#### What the task asks
Starting at the line that holds "Sony PlayStation 5", quote every line through the end of the records, both boundary lines included. Omit the pictures.

Short descriptive text snippets:
# # #

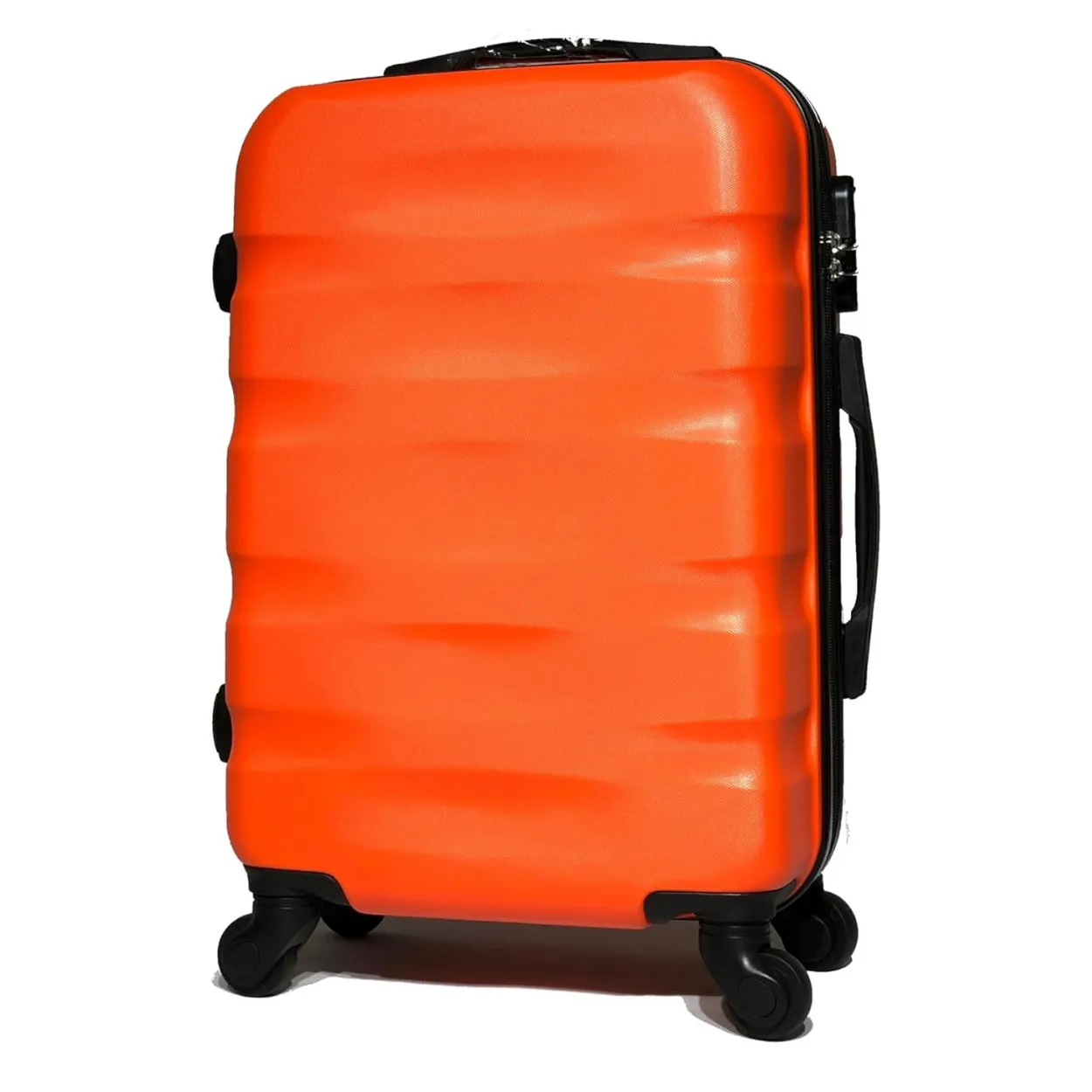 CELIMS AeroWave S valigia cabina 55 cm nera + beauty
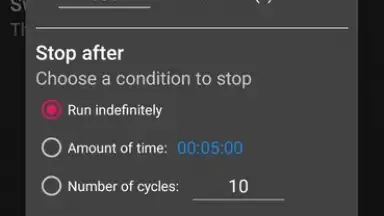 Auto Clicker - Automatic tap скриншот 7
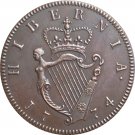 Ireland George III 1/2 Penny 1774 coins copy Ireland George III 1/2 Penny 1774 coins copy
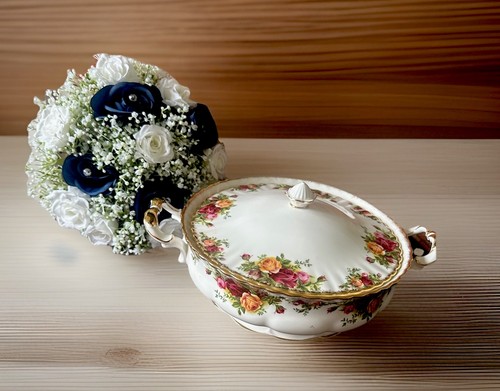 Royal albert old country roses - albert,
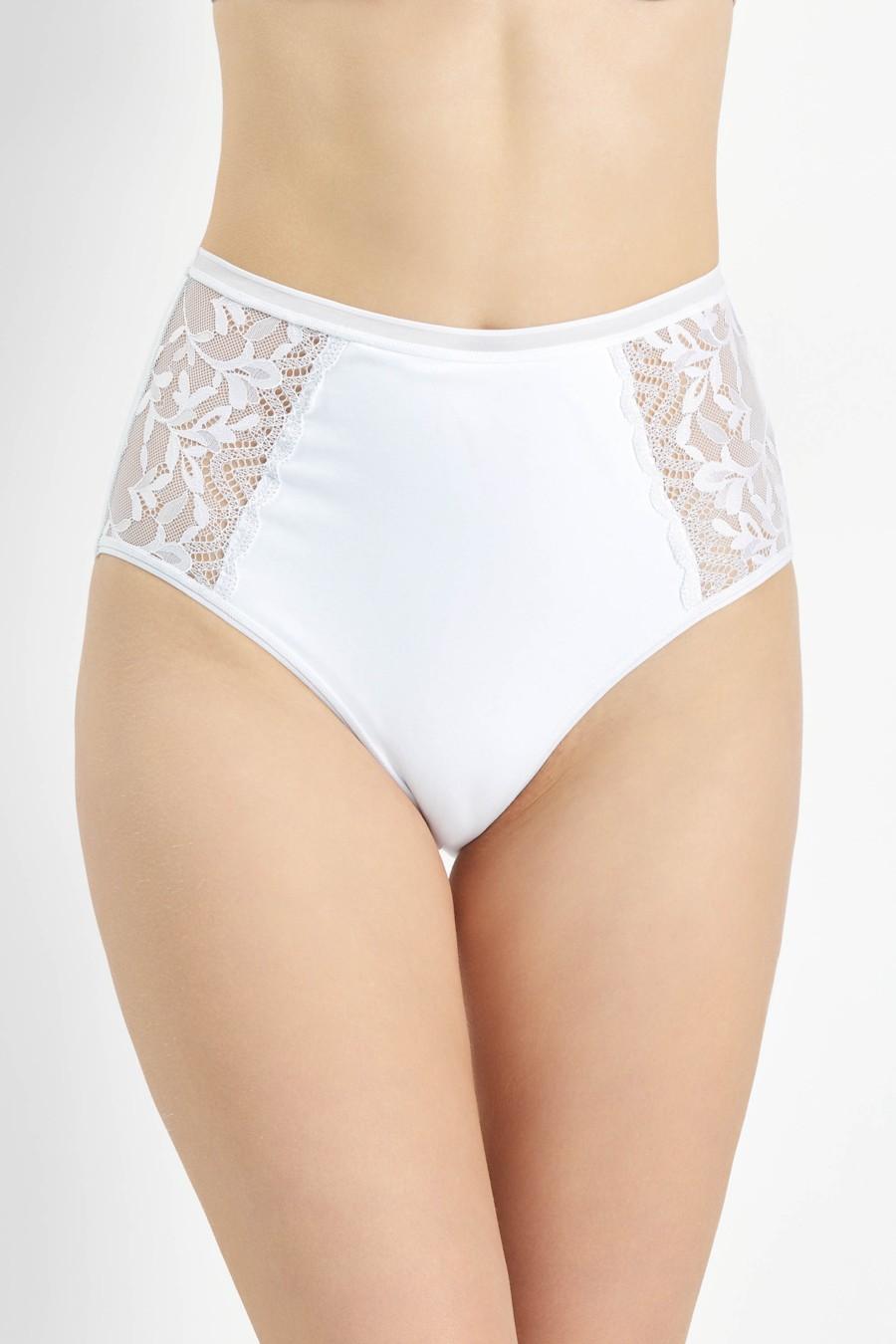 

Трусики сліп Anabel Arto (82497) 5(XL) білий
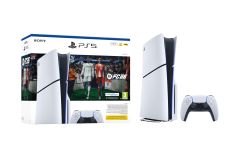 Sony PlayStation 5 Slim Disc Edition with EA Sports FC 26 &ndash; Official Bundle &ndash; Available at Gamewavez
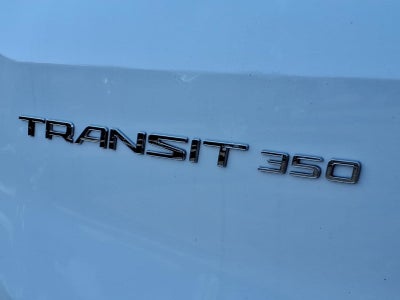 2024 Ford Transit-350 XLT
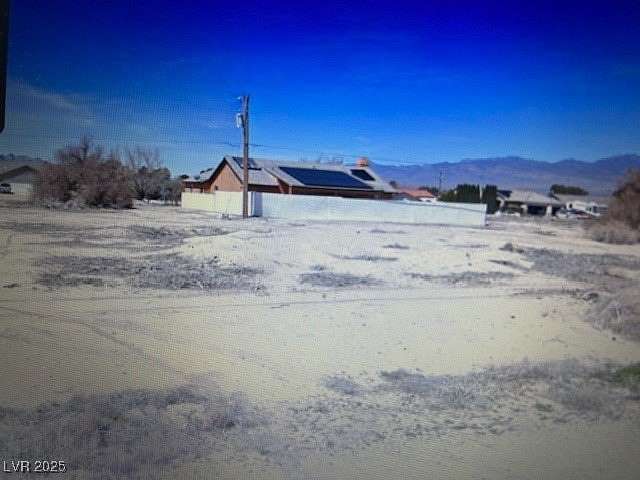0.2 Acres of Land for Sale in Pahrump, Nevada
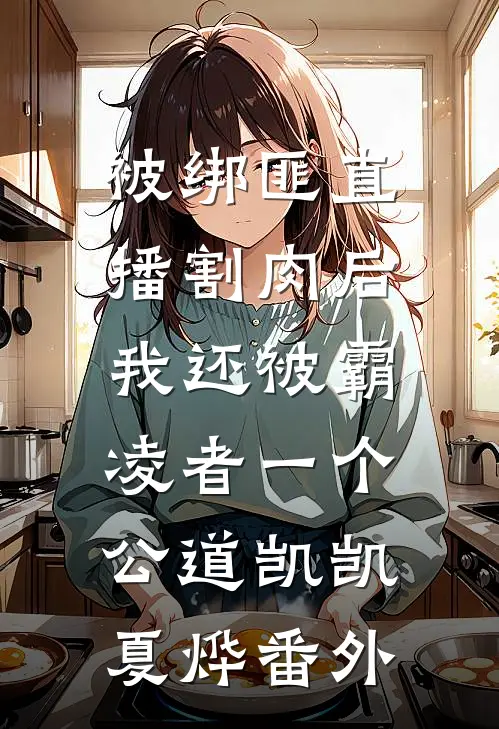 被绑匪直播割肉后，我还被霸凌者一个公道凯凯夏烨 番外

# # #

#### Result of the exercise
 Sony PlayStation 5 Slim Disc Edition with EA Sports FC 26 &ndash; Official Bundle &ndash; Available at Gamewavez
 2024 Ford Transit-350 XLT
0.2 Acres of Land for Sale in Pahrump, Nevada
 被绑匪直播割肉后，我还被霸凌者一个公道凯凯夏烨 番外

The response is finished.